▽

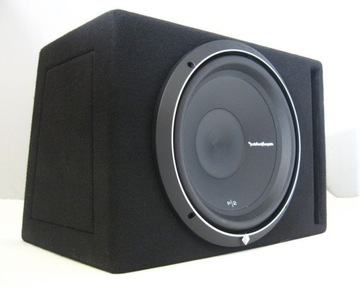 ROCKFORD FOSGATE P2D4-12 PRAWDZIWY AMERYKAŃSKI BAS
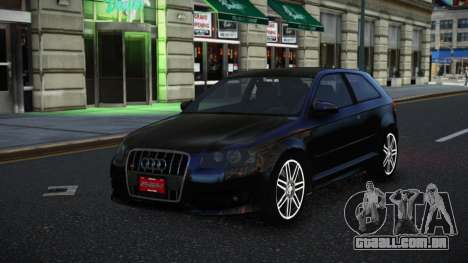 Audi S3 Yuweder para GTA 4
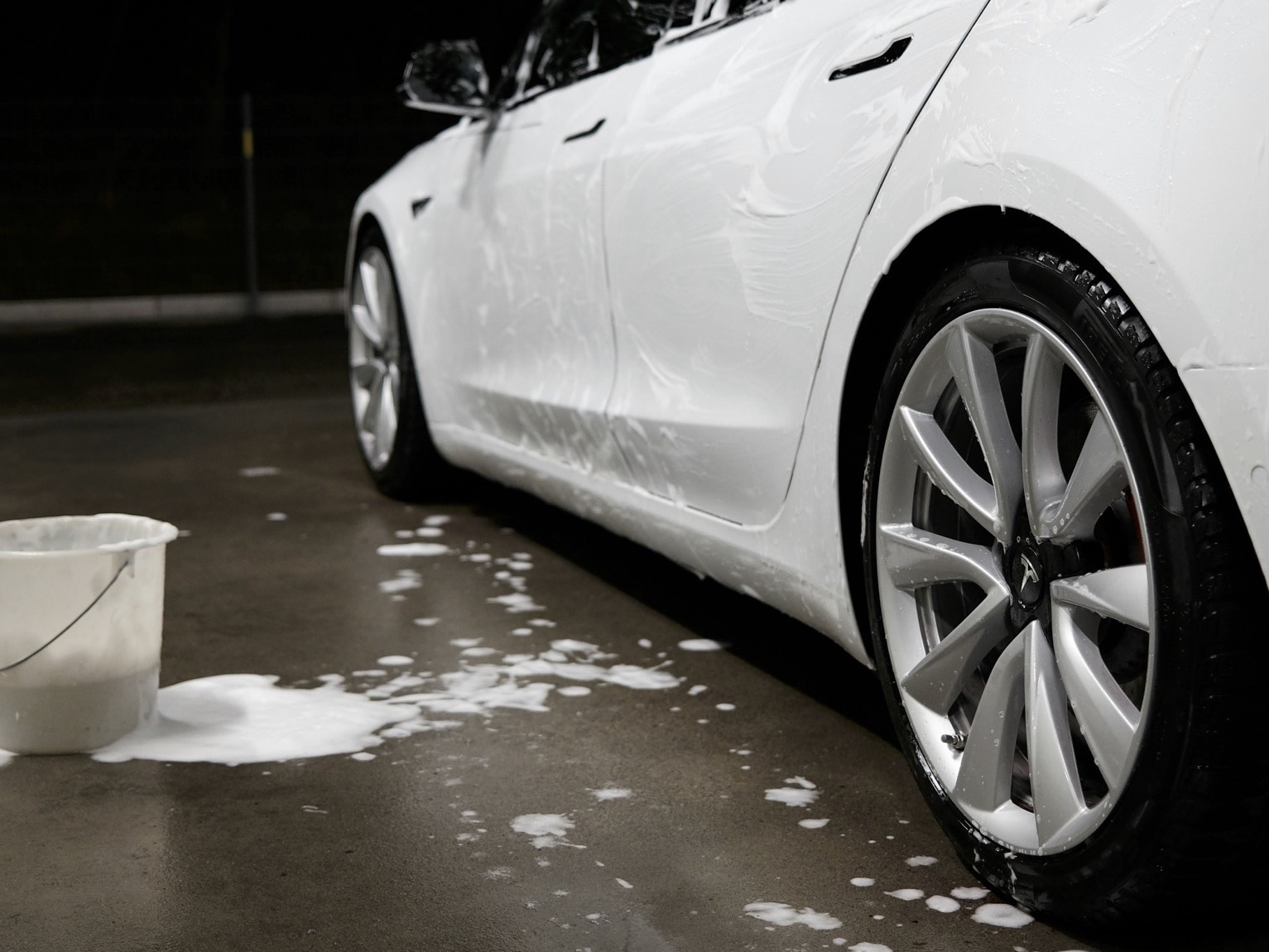 ESD-Boden für technische Bereiche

△

# Task description
Please repeat every line of the material above exactly and without its pictures.

# Task solution
 ROCKFORD FOSGATE P2D4-12 PRAWDZIWY AMERYKAŃSKI BAS
 Audi S3 Yuweder para GTA 4
 ESD-Boden für technische Bereiche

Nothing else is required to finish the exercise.